Depuis les choses sont allées vite. Peut-être trop vite pour que je comprenne.
Aujourd’hui je vois cette sphère cireuse dans l'étroit entrebâillement des planches du wagon, et elle me manque déjà. Je ne pense déjà plus à Papa qui gît à terre, s'étouffant avec son propre sang. Je ne pense plus au froid qui scie mes os, ni même à la faim qui me tenaille. Je ne pense même plus. Je me contente de dévisager la Lune.
Elle a toujours brillé, elle brille et brillera encore, et c'est ce qui m'apaise.
Que quelqu'un se cramponne aussi fort que moi à un croissant pâlichon me rassure, parce que c'est une bonne Mère la Lune, c'est une fidèle compagne et la meilleure de mes amis.
Une odeur pestilentielle surplombe le convoi de déportation. Un mélange âcre d'urine et de vomi.
L'odeur méphitique emplit mes poumons mais je suis bien au-delà. Mon esprit s'évade, et rejoint la Lune tout en haut.
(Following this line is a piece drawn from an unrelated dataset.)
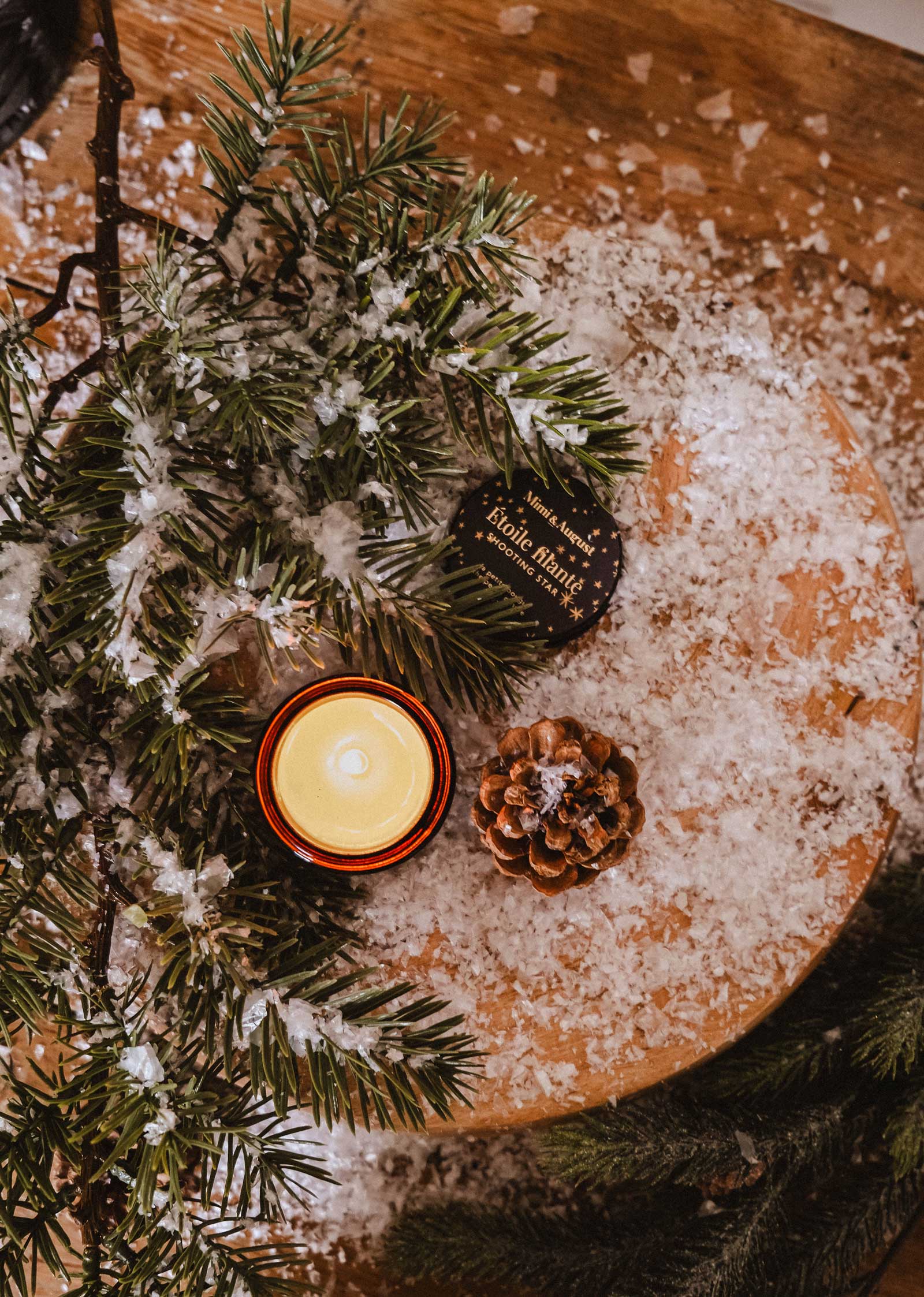 A festive Mimi & August Shooting Star 2 oz candle, pinecone, and fir branches on a wooden snowy surface beside a small “Exotic Forest” label.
La quiétude apaise mes brûlures, infections et articulations gelées.

C'est magnifique.
 

 

 

 

 

 

Et je redescends.

Je me rappelle où je suis.

Où je vais.

Et les larmes ne viennent plus.
J'ai treize ans et on me conduit à la mort.
J'ai treize ans et je suis la plus âgée de ce wagon.

Ceci n'est pas une lettre d'amour à la Lune.
Ceci est une lettre d'amour à la vie.